Bitcoin exchanges charge typical broker fees of 2-2.5% for sending the value of $135, slashing the fees at traditional money-transfer firms who charge around 5%.
“Today, the average fee for traditional cross-border payments globally is 7%,” PwC’s global crypto leader, Henri Arslanian, says. “In many parts of Africa, it’s double digit… What’s happening is people are starting to use cryptocurrencies… to significantly reduce the costs of payments. Doing a traditional bank payment can take many days, so bitcoin can make this significantly more efficient and effective.”
Fears of fraud
Yet African investors also face dangers in the largely unregulated world of cryptocurrencies. Hackers target crypto wallets with insidious malware, while scammers target gullible investors with Ponzi schemes.
In South Africa, police are investigating bitcoin platform Mirror Trading International, which was provisionally liquidated by court order in December after investors complained of being unable to withdraw funds.
The whereabouts of its CEO and sole director, Johann Steynberg, are unknown, but he is believed to have fled the country. The platform, which promised lucrative returns to customers, allegedly reached 260,000 members who may have invested over R9bn ($594m), according to local media. Thousands may have lost their savings in the scheme.
“There is always a risk that a crypto asset operator, such as an exchange, defrauds a customer,” says Becker. “There has, however, been sufficient time for more trusted names and brands to develop. It is always important to stay away from schemes that require an investor to bring in new and more investors to earn ‘rewards’ and schemes that promise to pay steady and outsized returns. Real BTC investments do not guarantee any returns.”
Chainalysis, which tracks crypto flows for financial firms and US law enforcement, says the levels of fraud in Africa’s crypto industry are lower than in other parts of the world.
“Historically people in parts of Africa have fallen victim to financial scams,” says head of research Kimberly Grauer. “But our data does suggest that cryptocurrency scams actually aren’t as prevalent in Africa as we’ve seen in other regions, where you have these really big Ponzi schemes that are impacting millions of people.

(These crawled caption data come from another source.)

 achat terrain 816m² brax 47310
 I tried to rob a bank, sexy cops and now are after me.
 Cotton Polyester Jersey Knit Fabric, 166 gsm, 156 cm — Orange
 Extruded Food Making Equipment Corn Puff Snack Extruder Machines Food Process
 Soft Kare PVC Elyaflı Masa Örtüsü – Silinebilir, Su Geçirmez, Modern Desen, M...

“Our data set looks at economic activity, but we also track illicit scams, terrorist financing and darknet marketplaces accepting cryptocurrency. Last year we found less than 1% of all activity in Africa was associated with illicit trade.”

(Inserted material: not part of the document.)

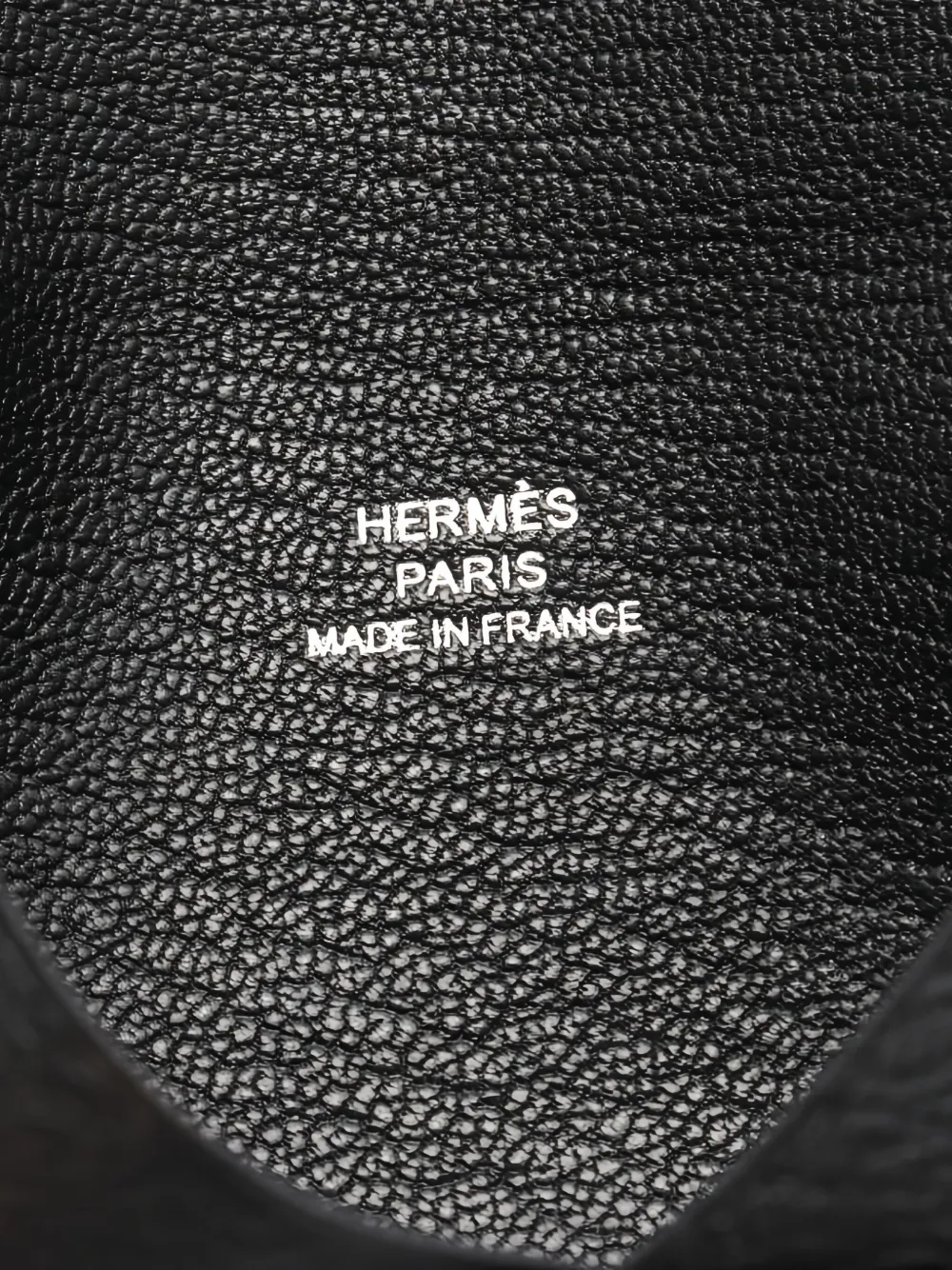 Pre-owned Hermes 2019 Calvi Wallet In Black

With the likes of JP Morgan, Standard Chartered and Singapore’s DBS bank moving into the space, PwC’s Henri Arslanian says that “the industry is becoming increasingly institutionalised.”
Amid considerable attention on the global market following recent price rises and falls, bitcoin is facing increasing regulatory scrutiny. The president of the European Central Bank and the UK’s Financial Conduct Authority voiced their concerns following January’s plunge, with the UK regulator saying investors “should be prepared to lose all their money.”
In Africa, the Nigerian Securities and Exchange Commission has announced plans to create a regulatory framework for cryptocurrencies, and Kenya and South Africa have released policy papers exploring potential regulation. Arslanian says that the renewed debate around the currency’s future is to be welcomed in Africa.
“You may disagree with bitcoin, but I think we have a moral and intellectual obligation to try to understand it. And then, once we’re empowered with that knowledge, make an educated decision on whether it is appropriate for us or not.”